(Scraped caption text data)
——————
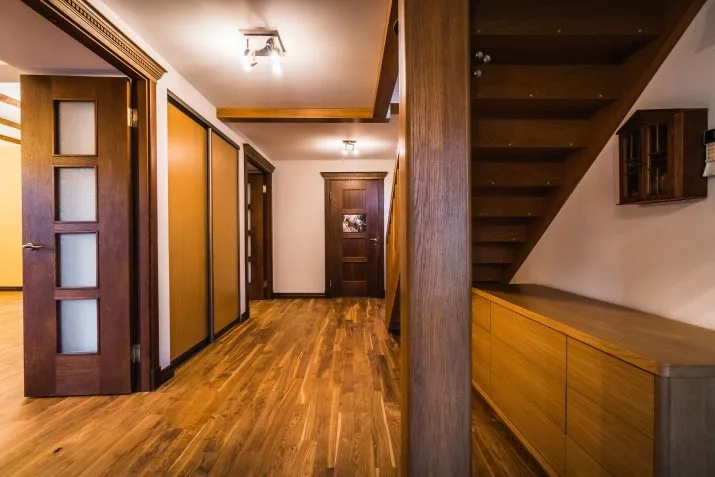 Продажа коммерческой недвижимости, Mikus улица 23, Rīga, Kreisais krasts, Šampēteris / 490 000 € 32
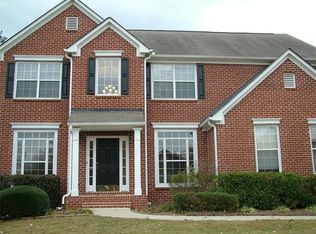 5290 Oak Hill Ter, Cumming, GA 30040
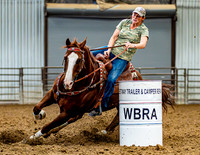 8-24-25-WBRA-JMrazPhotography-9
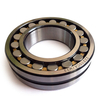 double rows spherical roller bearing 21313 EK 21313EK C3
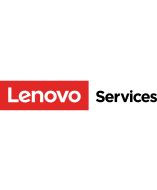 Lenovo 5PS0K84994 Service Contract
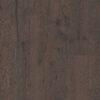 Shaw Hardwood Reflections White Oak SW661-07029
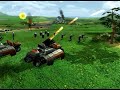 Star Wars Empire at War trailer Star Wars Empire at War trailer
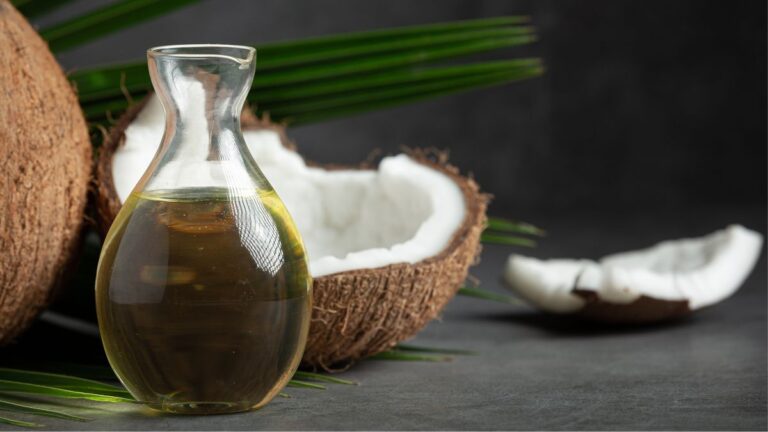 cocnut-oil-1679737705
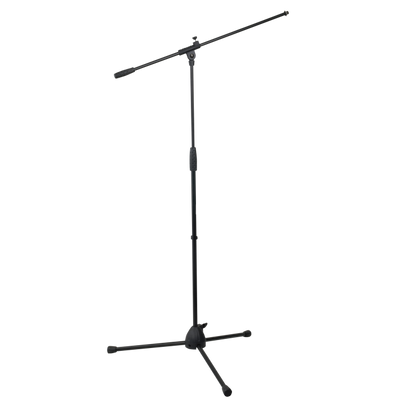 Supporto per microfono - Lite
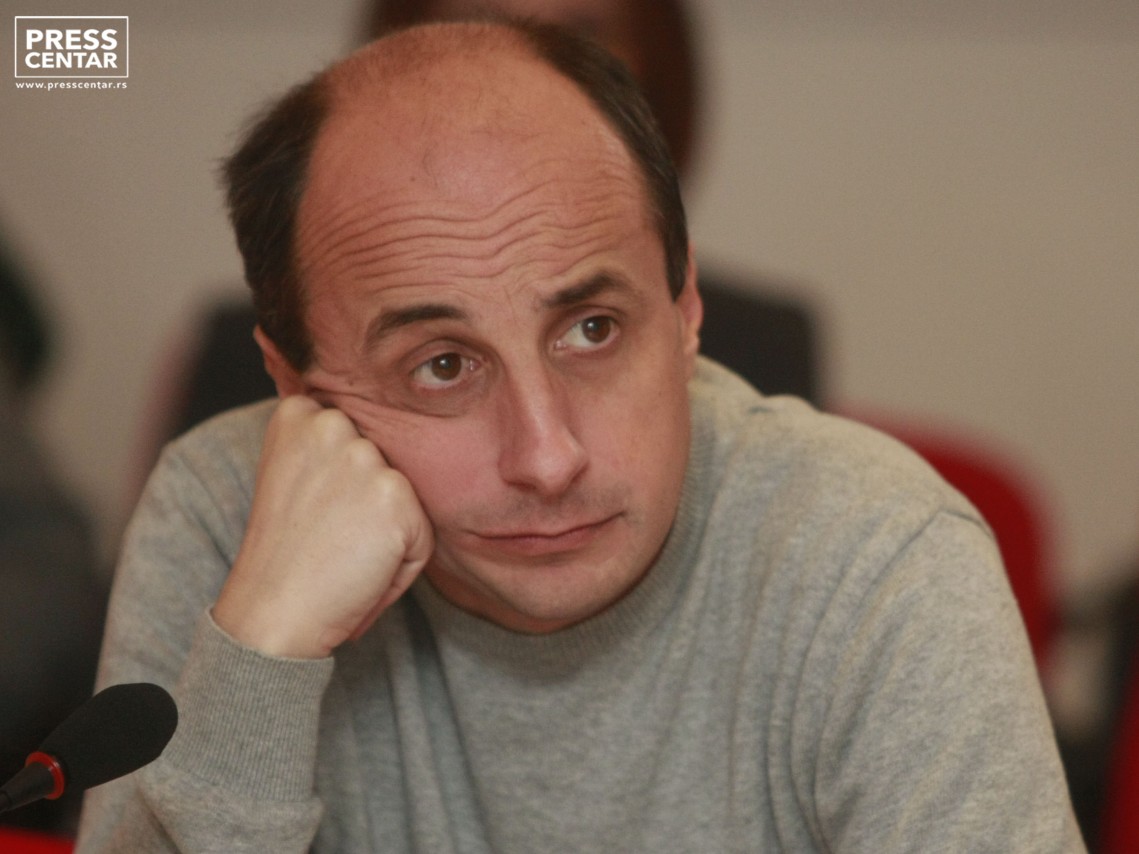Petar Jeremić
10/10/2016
——————
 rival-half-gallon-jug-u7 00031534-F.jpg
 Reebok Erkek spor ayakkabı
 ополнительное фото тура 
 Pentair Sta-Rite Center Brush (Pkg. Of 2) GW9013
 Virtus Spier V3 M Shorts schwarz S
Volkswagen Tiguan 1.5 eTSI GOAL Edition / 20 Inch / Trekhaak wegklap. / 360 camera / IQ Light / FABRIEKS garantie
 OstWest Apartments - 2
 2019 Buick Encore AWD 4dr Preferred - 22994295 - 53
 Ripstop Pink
——————
Give again exactly, and only, the lines above starting at the one with "OstWest Apartments - 2" and ending at the one with "Ripstop Pink".

- [FINAL ANSWER]
 OstWest Apartments - 2
 2019 Buick Encore AWD 4dr Preferred - 22994295 - 53
 Ripstop Pink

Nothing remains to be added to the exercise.